Su medida estrella, cediendo, ¡cómo no!, ante su socio de gobierno, ha sido la de imponer nuevos impuestos a las petrolíferas, a las energéticas y a los bancos, con el consiguiente e inmediato desplome de las bolsas. Es decir que  pretende pagar con esos gravámenes las dádivas  prometidas, lo que significa que aumentará la inflación e irremediablemente,  de rebote, seremos nosotros mismos quienes acabemos sufragando los presuntos óbolos con lo que él recaude, con la diferencia de que los ingresos de Hacienda serán inmediatos y a los socorros les espera un largo trayecto, si es que llegan todos que no lo creemos.

Sánchez solo busca, con mentiras y vana palabrería, cambiar en lo posible la tendencia de las últimas encuestas que le auguran un futuro lleno de debacles electorales incluida la suya propia, pero no solo llega tarde sino que en lugar de cambiar el rumbo se empeña en radicalizar cada vez más su posición de izquierda populista sin sacar consecuencias ni aprender nada de lo ocurrido en CyL o en Madrid y Andalucía. Sostenella y no enmendalla.

La credibilidad de Sánchez está por los suelos y eso es algo que no tiene arreglo.
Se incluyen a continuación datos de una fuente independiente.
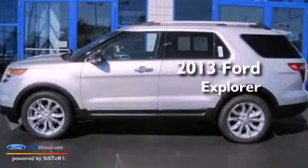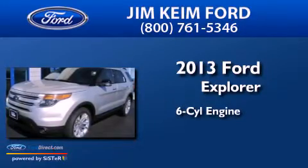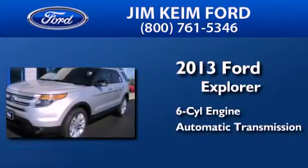This is a brand new 2013 Ford Explorer. It has a six-cylinder engine, an automatic transmission, and four-wheel drive.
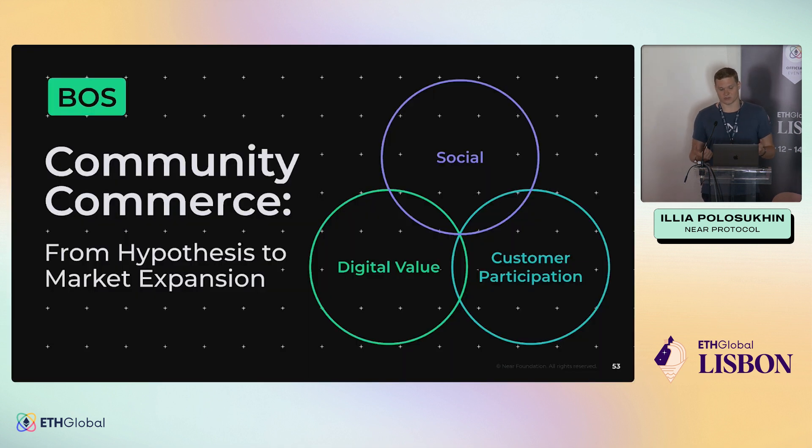This is what we call community commerce — really engaging social, digital assets, value, and participation in one place. DAOs, marketplaces, all the things we're building in Web3 power that. You can go from hypothesis to hackathon project to app to engaging users to building a real business, growing and partnering on this platform.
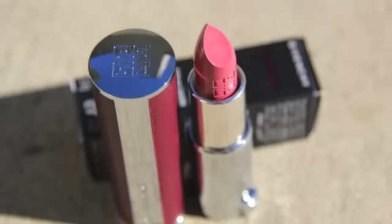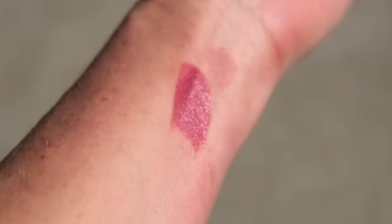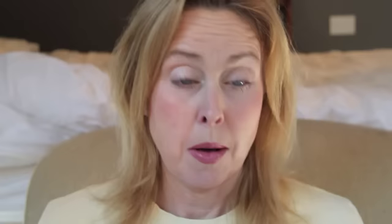This is the Givenchy Rose Plumatasse No. 207 Le Rouge Limited Edition Burgundy Collection Lipstick. It comes in a little Givenchy box and it's got a burgundy leather case.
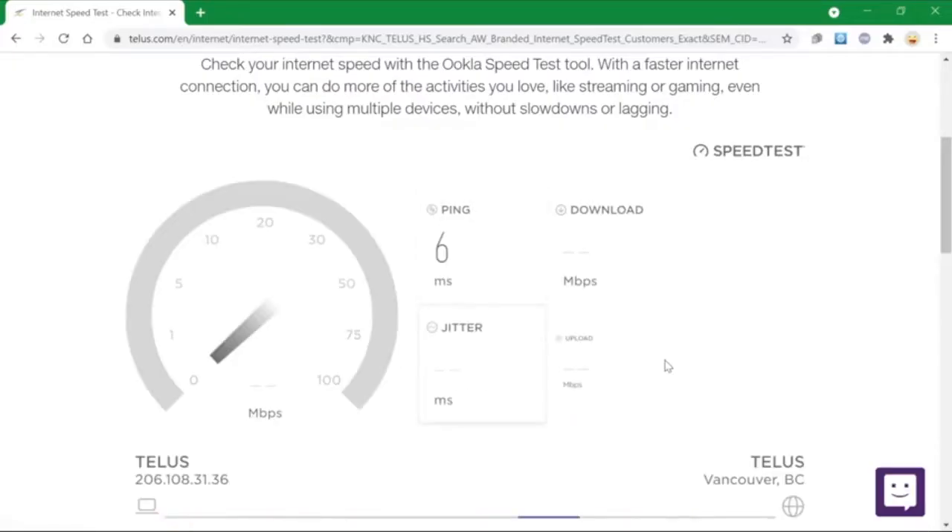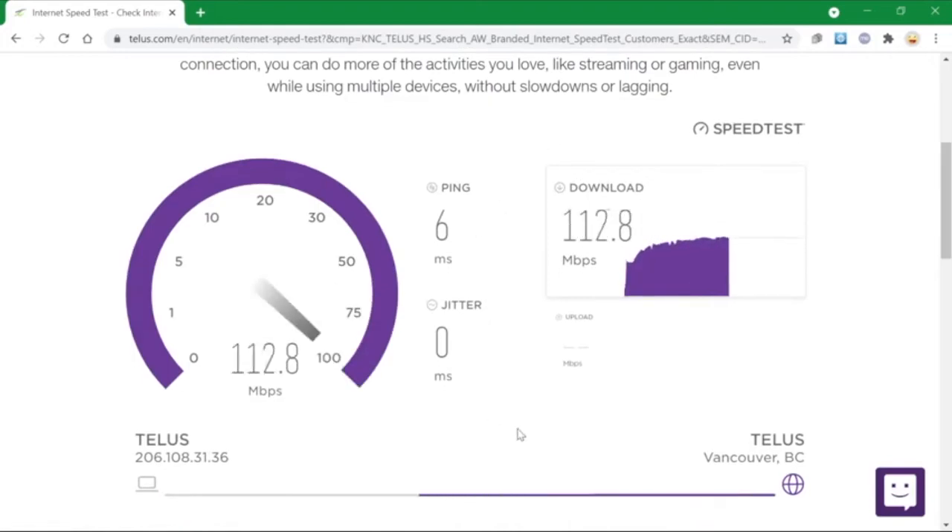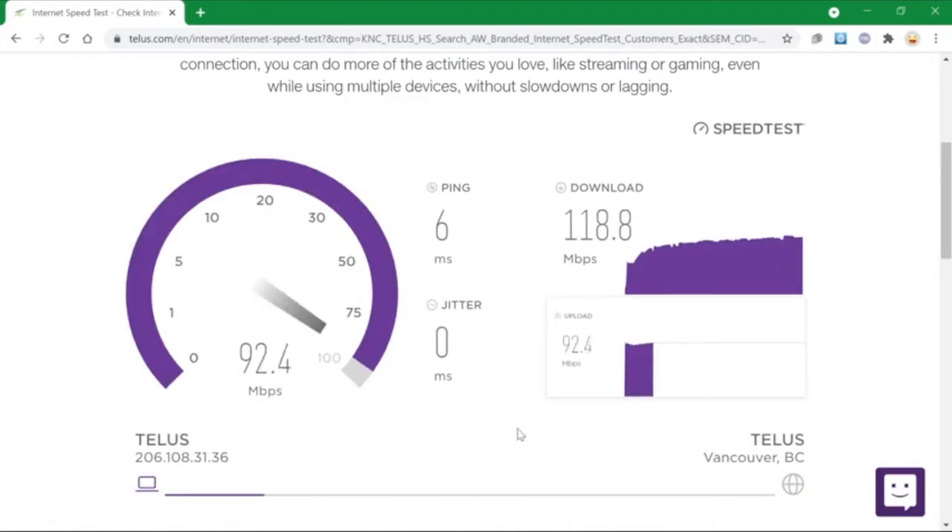Hi, I'm Tyler from TELUS and I'm here to answer the question: what can a speed test tell me? If you're having internet issues, a speed test can help you diagnose them. A speed test measures the speed of your internet connection, both upload and download.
Su lista de desvergüenzas y escándalos es infinita, desde aquella lejana de poner una urna escondida en una votación en el seno de su partido, el nepotismo de colocar a su esposa en puestos bien remunerados o plagiar un doctorado, y tantas otras canalladas hasta acabar cambiando la política de estado con respecto al antiguo Sahara español por sus santos cataplines, alabar la criminal actitud de Marruecos en la valla de Melilla (¿qué fue de aquel Sánchez del Aquarius?), hacer de su capa un sayo tratando de nombrar, cuando le conviene, a unos jueces del TC contraviniendo la norma que ellos mismos habían redactado, aliarse con Podemos, ERC o Bildu, hacerse con el INE  e INDRA y la más reciente infamia de aceptar ampliar el periodo de la ya de por sí inicua “ley de memoria democrática” hasta diciembre de 1983, la última cesión ante el independentismo borroko, enajenación que, iba siendo hora, ha provocado la queja de numerosos líderes ya retirados del mismo partido.
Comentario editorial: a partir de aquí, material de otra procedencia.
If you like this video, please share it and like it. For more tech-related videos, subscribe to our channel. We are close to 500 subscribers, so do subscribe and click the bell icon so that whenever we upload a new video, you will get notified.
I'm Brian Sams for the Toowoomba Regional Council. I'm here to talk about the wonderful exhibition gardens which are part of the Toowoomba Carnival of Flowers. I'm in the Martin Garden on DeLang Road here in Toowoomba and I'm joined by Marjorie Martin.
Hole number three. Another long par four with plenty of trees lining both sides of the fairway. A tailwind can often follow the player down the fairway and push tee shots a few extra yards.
Sánchez trata, torpemente, de minimizar en lo posible una derrota que cree segura pero insiste el en error de no disminuir el gaso y subir los impuestos, lo que no es sino aumento de inflación asegurado. Los españoles, cada vez más pobres y conscientes de quien es el personaje, no le vamos a perdonar ni más mentiras, ni la subida de los precios, ni sus obscenos amoríos con los sucesores políticos de los asesinos de ETA. Solo queda saber si salva los muebles o si el apocalipsis es irreversible.